The country’s last remaining all-Irish girls’ boarding school has celebrated its 85th aniversary.

Colaiste Ide outside Dingle, Co Kerry, is also the only seven-day boarding school where all teaching is done through the medium of Irish.

Over the weekend, former GAA commentator and chairman of the board of directors at the school, Miceal O Muircheartaigh, joined in the celebrations that included the blessing of a new extension that replaces prefab classrooms.

The school was open three years before Micheal was born in Dun Sion on the other side of Dingle town.

There are now 142 full-time students at the school, which is one of the biggest employers in the Dingle area.

Apart from a teaching staff of 14, the school also employs an additional 40 people who make up the supervisors, kitchen and maintenance staff.

The school building is housed in the former Burnham Manor, which was the residence of Lord Ventry, the local landlord.

The Sisters of Mercy opened the house as a preparatory college for teachers in 1927 and it became a secondary boarding school for girls in 1961.  The last nuns left the school in 1996.

Aine Ni Chearbhaill became principal in 2008 and is herself a past-pupil of the school and its former home economics teacher.

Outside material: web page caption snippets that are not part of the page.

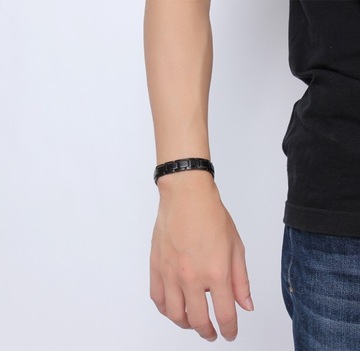 МУЖСКОЙ МАГНИТНЫЙ БРАСЛЕТ ЗДОРОВЬЯ, ЧЕРНАЯ СТАЛЬ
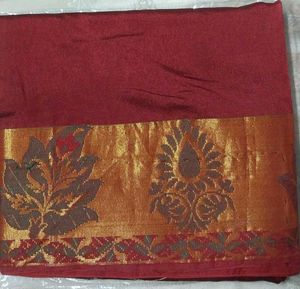 Elegant Maroon Silk Saree with Gold Border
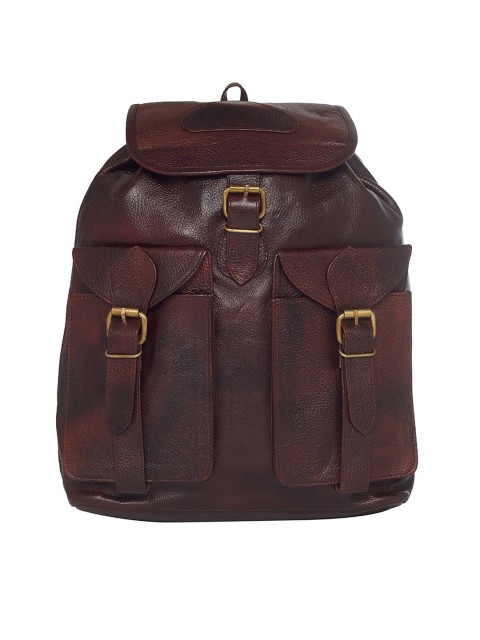 

Leather World Unisex Brown Leather Printed Backpack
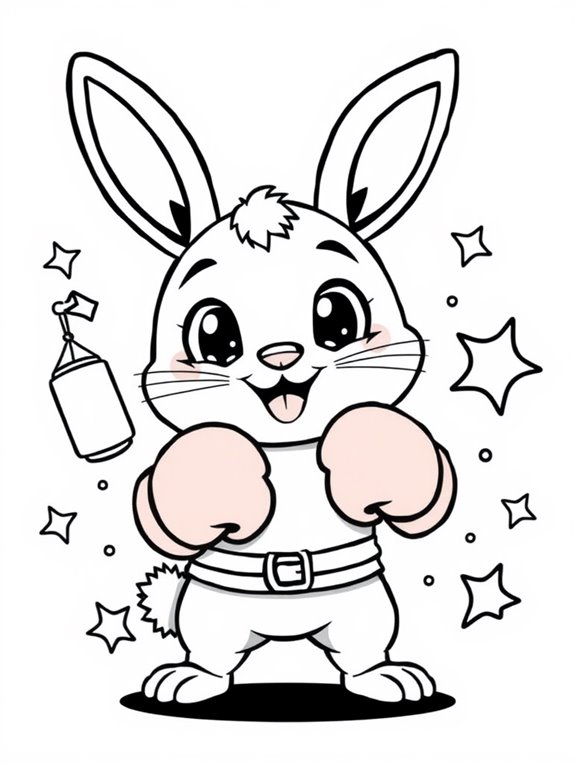 cute boxing bunny art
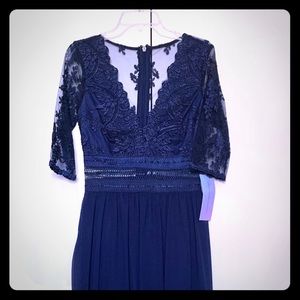 Navy long formal dress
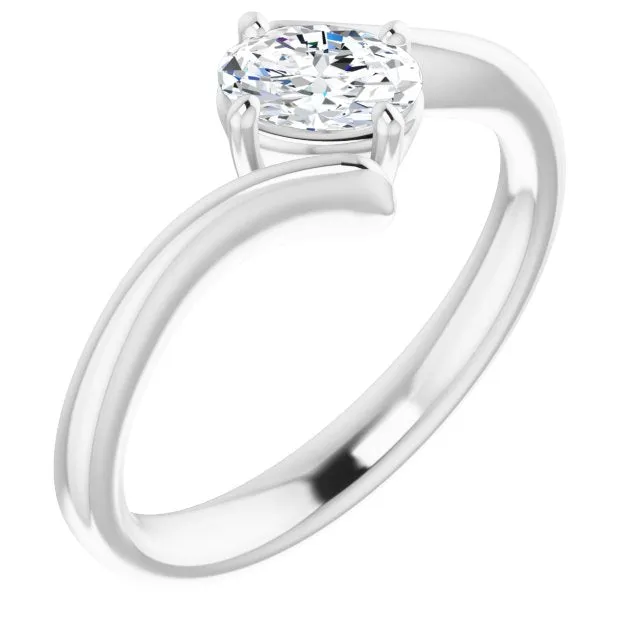 Cubic Zirconia Engagement Ring- The Alva (Customizable Oval Cut Solitaire with Thin, Bypass-style Band)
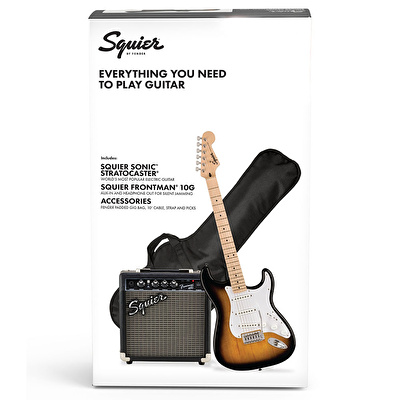 Squier Sonic Stratocaster 2 Ton Sunburst Frontman 10G Amfi Elektro Gitar Seti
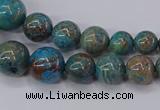 CAG9490 15.5 inches 6mm - 16mm round blue crazy lace agate beads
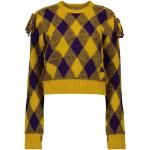 Pulls en laine de créateur Burberry jaunes à franges à manches longues à col rond Taille XS pour femme 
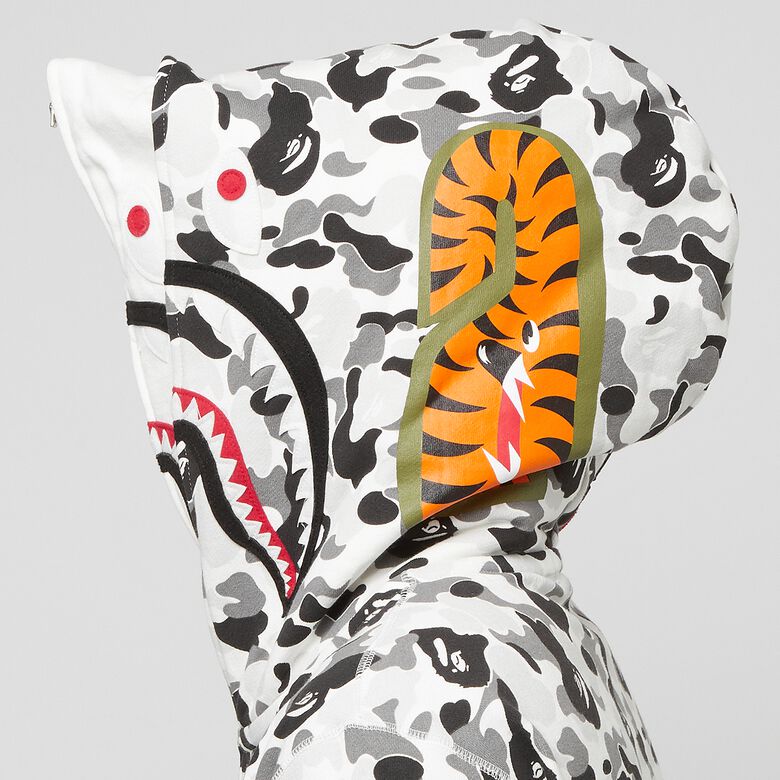 A Bathing Ape Abc Camo Double Shark Full Zip Hoodie gray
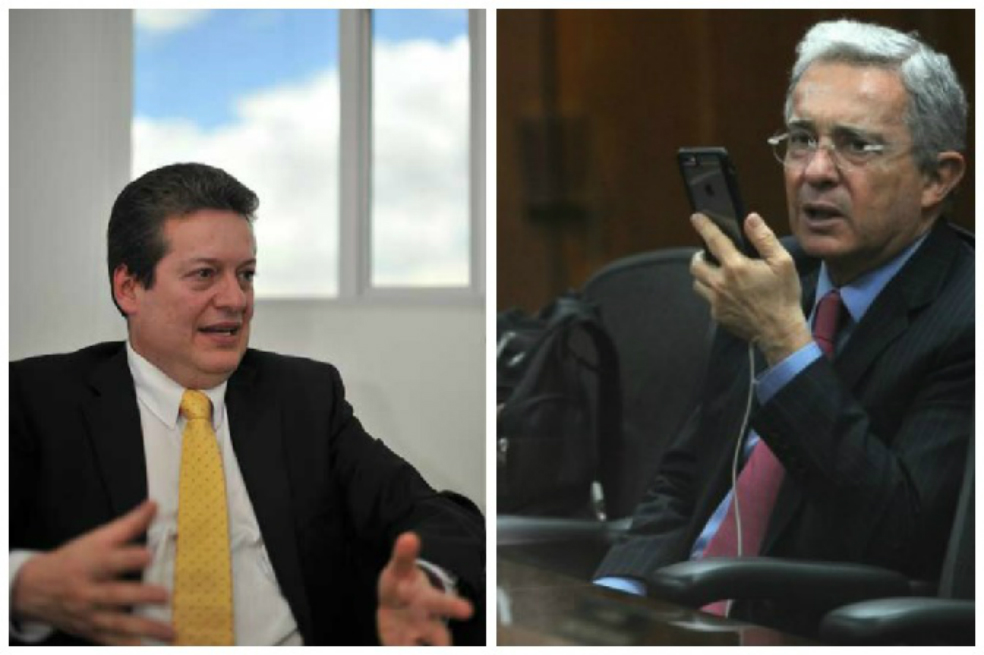 El representante Alirio Uribe y el expresidente y senador Álvaro Uribe.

“I did my Leaving Cert here in 1996 which was also the last year there were nuns in the school,” she told the Irish Independent.

“After that numbers dropped and there was a question mark over its viability without the nuns.

“Then a group of parents set up Cairde Cholaiste Ide and they launched a strong campaign to ensure it stayed open.  Since then, thankfully, numbers have been on the rise,” she added.